As video becomes a more mainstream element of everything from sales and marketing collateral to training provided by the human resources (HR) department, managing all the video being produced is becoming exponentially more challenging. To enable organizations to rise to that challenge, IBM today extended the artificial intelligence (AI) capabilities it has infused into the IBM Cloud Video service.
Hosted on the IBM Cloud platform, the IBM Cloud Video service makes use of the machine and deep learning algorithms IBM developed for the IBM Watson cognitive computing platform. New capabilities being added to IBM Cloud Video include the ability to recognize speech within videos and convert spoken words and phrases into text for video captions. IBM is also now making it possible for the captions generated by Watson to be reviewed by a human to increase accuracy. The Watson algorithms then incorporate those adjustments into any caption that gets generated for similar types of content.
Chris Zaloumis, senior director of enterprise video offerings for IBM Cloud Video, says that as video becomes a mainstream element of business processes, there’s a pressing need to automate the process through which captions and tags get generated. Tags are especially critical when it comes to exposing video content that would otherwise be invisible to search engines, adds Zaloumis.

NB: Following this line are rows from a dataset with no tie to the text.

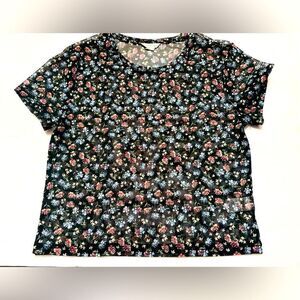 Aeropostale Floral Blouse Top Size Large Sheer Black with Multicolored Flowers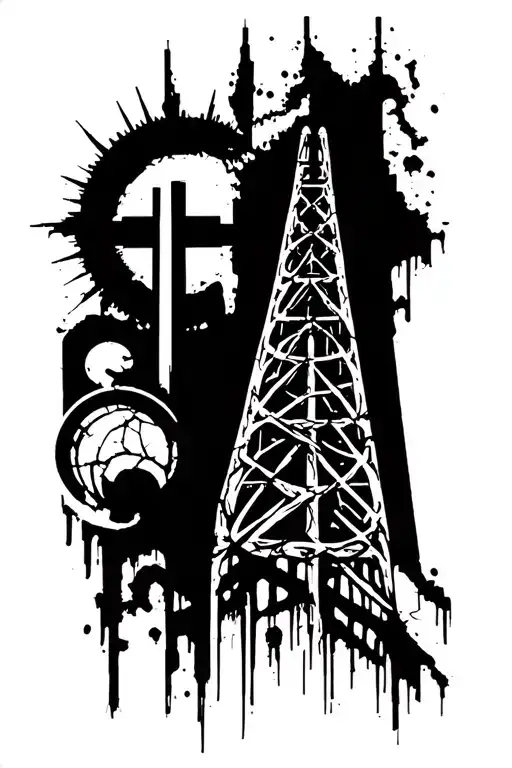 Vertical forearm tattoo: at the top, a cracked Orthodox halo and cross combined with an industrial radio-tower silhouett tattoo design idea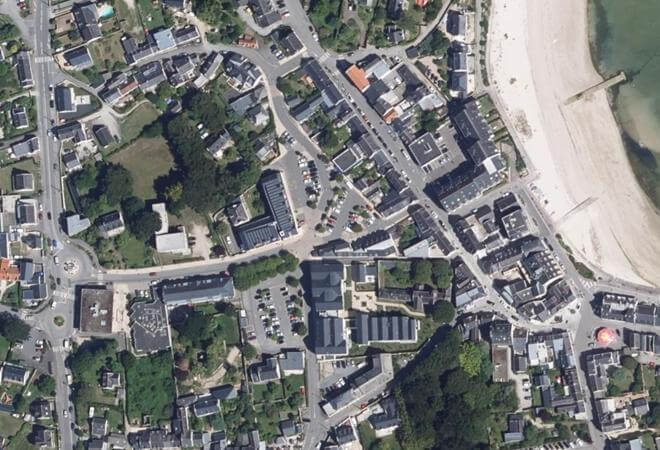 Vue aérienne Marché de Saint Pierre Quiberon, Saint-Pierre-Quiberon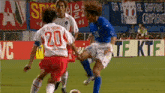a soccer player with the number 20 on the back of his shirt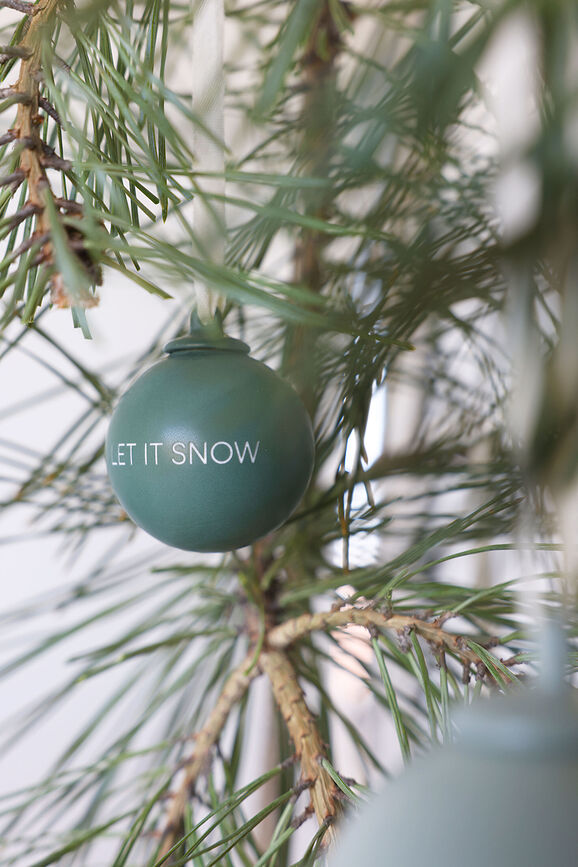 Xmas Stories Μπάλες Χριστουγεννιάτικες, 6 cm, σκούρο πράσινο και γκριζοπράσινο, 4 τμχ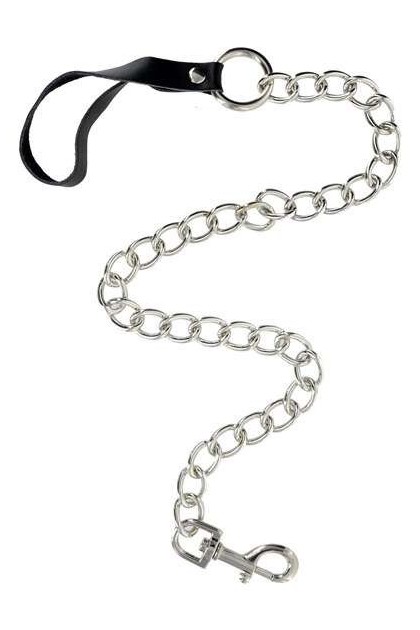 LAISSE FÉTICHISTE 72CM CHAÎNE MÉTAL POIGNÉE CUIR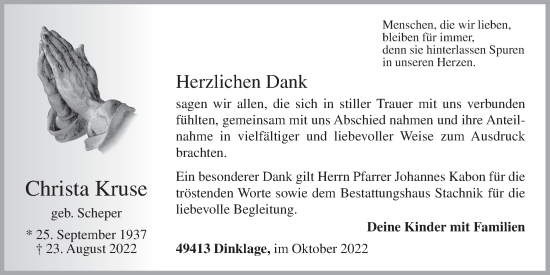 Anzeige von Christa Kruse von OM-Medien
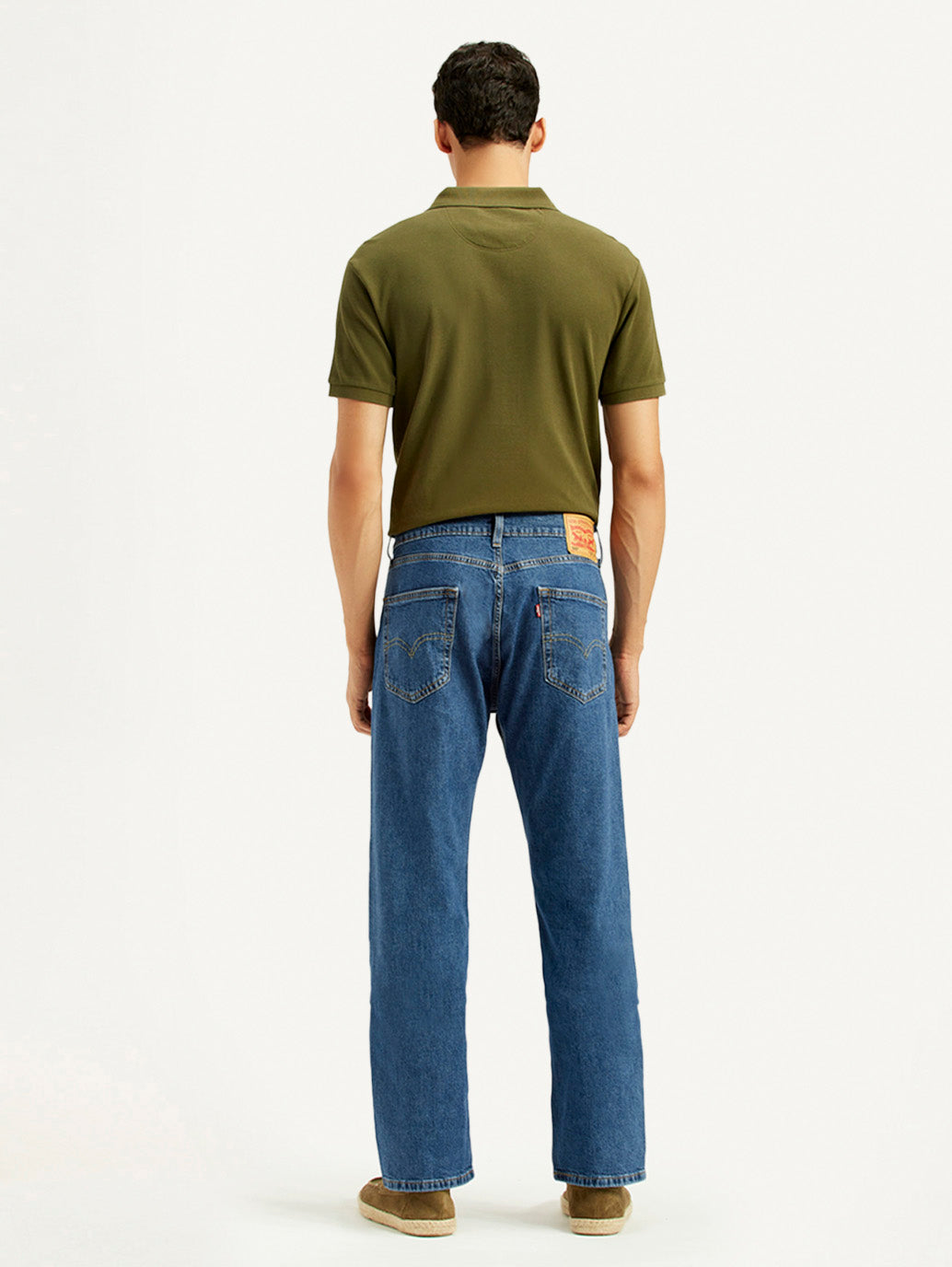 Men's 505 Blue Straight Fit Mid Rise Jeans - Back View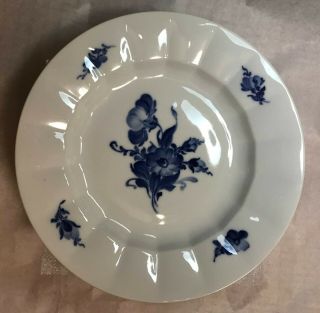 2 Royal Copenhagen Angular Blue Flowers 10 - 1/8 " Dinner Plates.  Denmark 8549
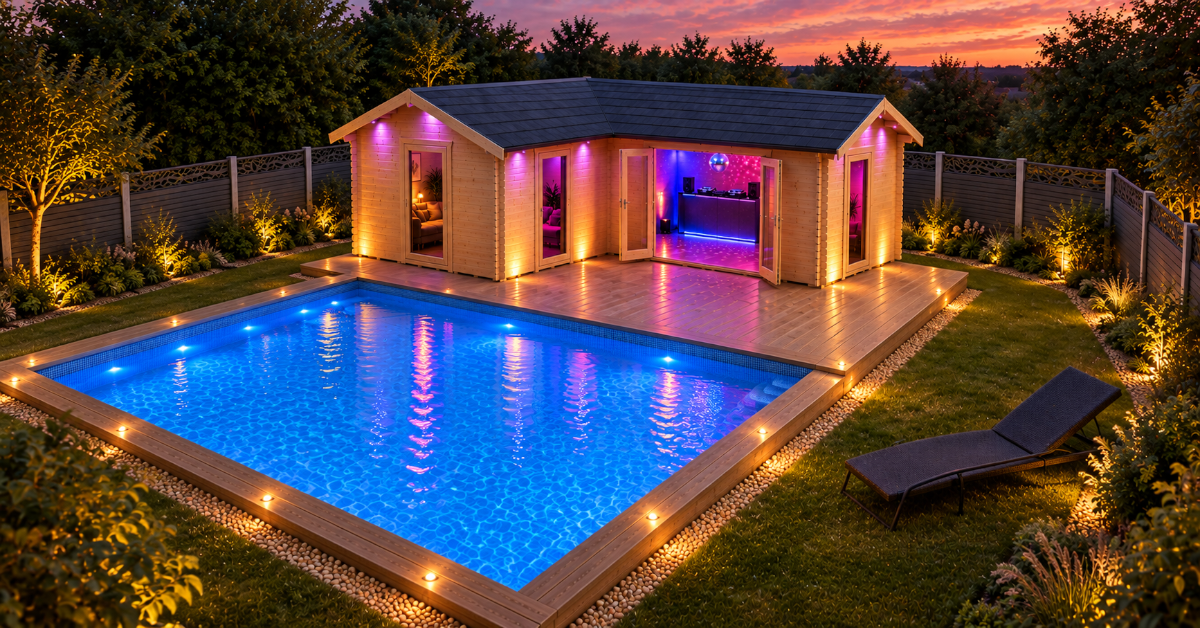 Elevated view of an AI garden concept with a swimming pool, L-shaped cabin and black perimeter fencing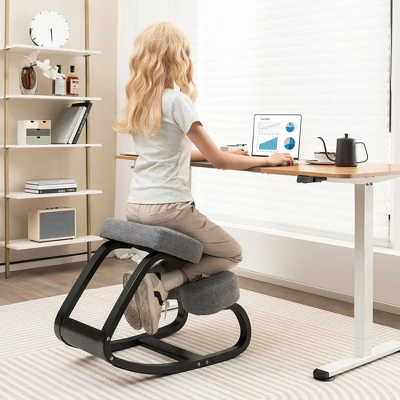 Costway Rocking Kneeling Chair Ergonomic Posture Correcting Back Pain Padded Cushion 2 Costway Rocking Kneeling Chair Ergonomic Posture Correcting Back Pain Padded Cushion - Image 2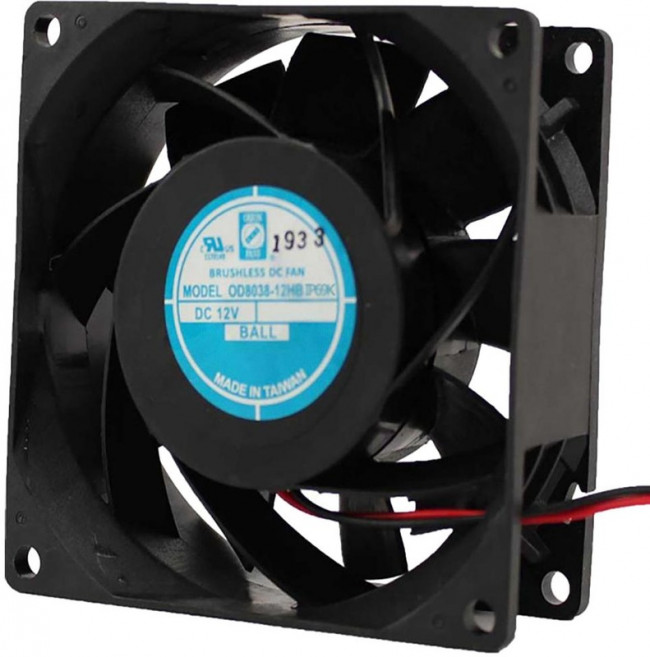 OD8038-24HBIP69K, DC Fans DC Fan, 80x80x38mm, 24VDC, 71CFM, 0.3A, 49dBA, 5000RPM, Ball, Wire, IP69K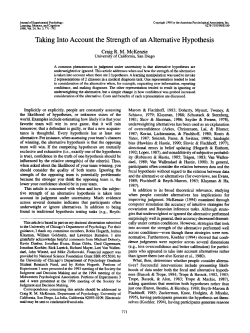 Taking Into Account the Strength of an Alternative Hypothesis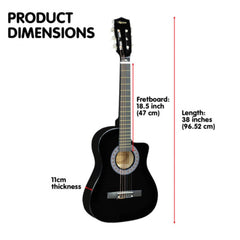 Karrera 38in Pro Cutaway Acoustic Guitar with Carry Bag - Black Tristar Online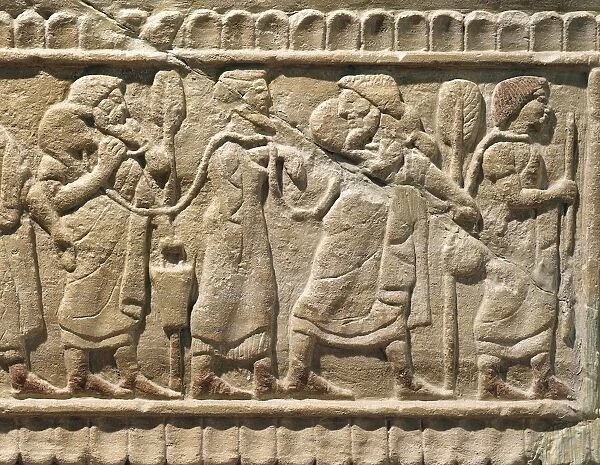 Sarcophagus depicting capture of prisoners, from necropolis of Sperandio, Perugia province, Italy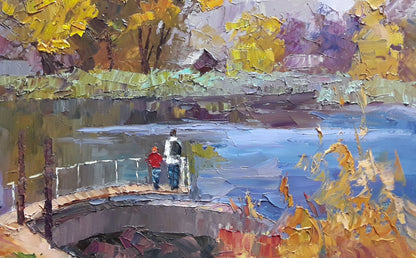 Oil painting Near the river Boris Serdyuk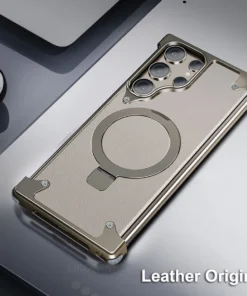 Alternative view of Luxury Premium Luxury Premium Leather Magsafe Ring Holder Invisible Kickstand Bezel Less Metal Slim Hard Ultra Thin Case Cover For Samsung Galaxy S24 Ultra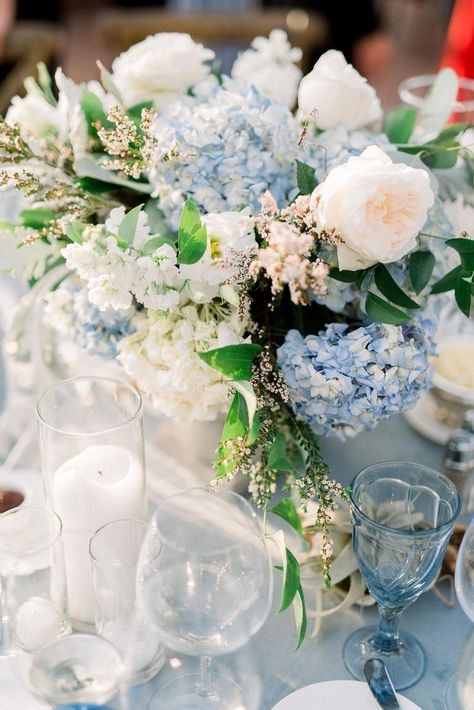 A Dreamy Dusty Blue Pelican Hill Wedding Teeming with Hydrangeas Dusty Blue Wedding Hydrangea, White Hydrangea With Blue Delphinium, Blue Hydrangea And White Roses Flower Arrangements, Pale Blue Hydrangea, Pelican Hill Wedding, Early Blue Hydrangea, Dusty Blue, Hydrangea, Style Me Pretty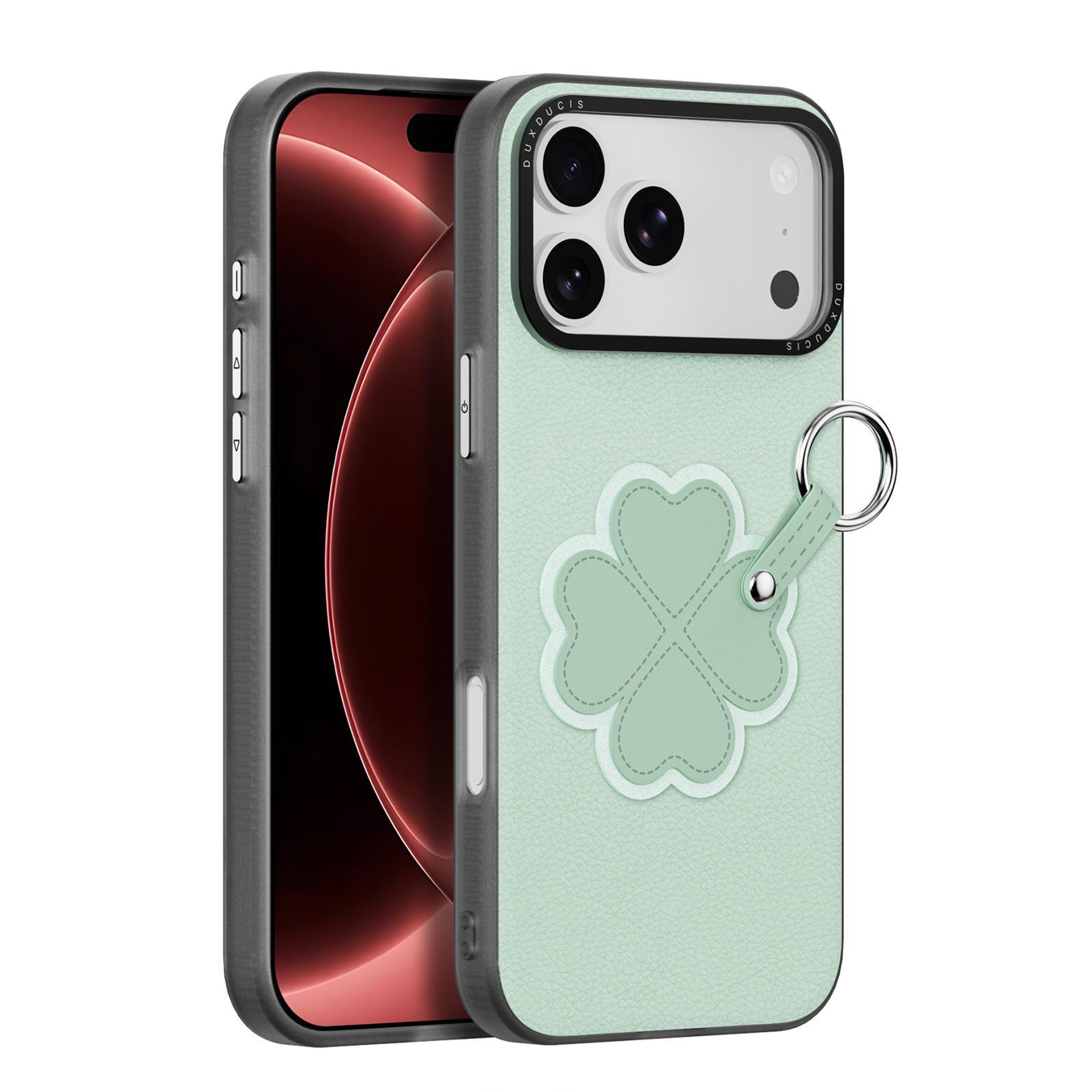 DUX DUCIS LUVY IPhone 18 Pro Case  With Ring And Lanyard Clover Green 2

One of the top use cases for video in the enterprise is sales. Rodan + Fields, a manufacturer of skincare products, makes extensive use of IBM Cloud Video to train over 60,000 consultants in addition to using video to engage over 80 million people living in 45 different countries via social channels. The Watson capabilities embedded in IBM Cloud Video enable Rodan + Fields to automatically create captions in multiple languages, says Zaloumis. No matter the language spoken, Zaloumis says it’s already been shown that video that is accompanied by captions is retained better.
“You can use the captions to stress key messages,” says Zaloumis.
Zaloumis notes that the IBM approach to employing AI is much more accessible than rival cloud service providers that simply expose application programming interfaces (APIs) to AI functions that are aimed primarily at application developers.
Most of the unstructured content being generated today comes in the form of video. By 2020, it is forecasted that as much as 82 percent of the content on the internet will be in the form of video. Tags and captions make it simpler to include video files as part of an overarching analytics strategy. But none of that is going to be of much use if every video being created needs to be manually tagged and captioned. There simply are not enough hours in a day to watch it all, much less comprehend the key message the creator of a video may have being trying to deliver.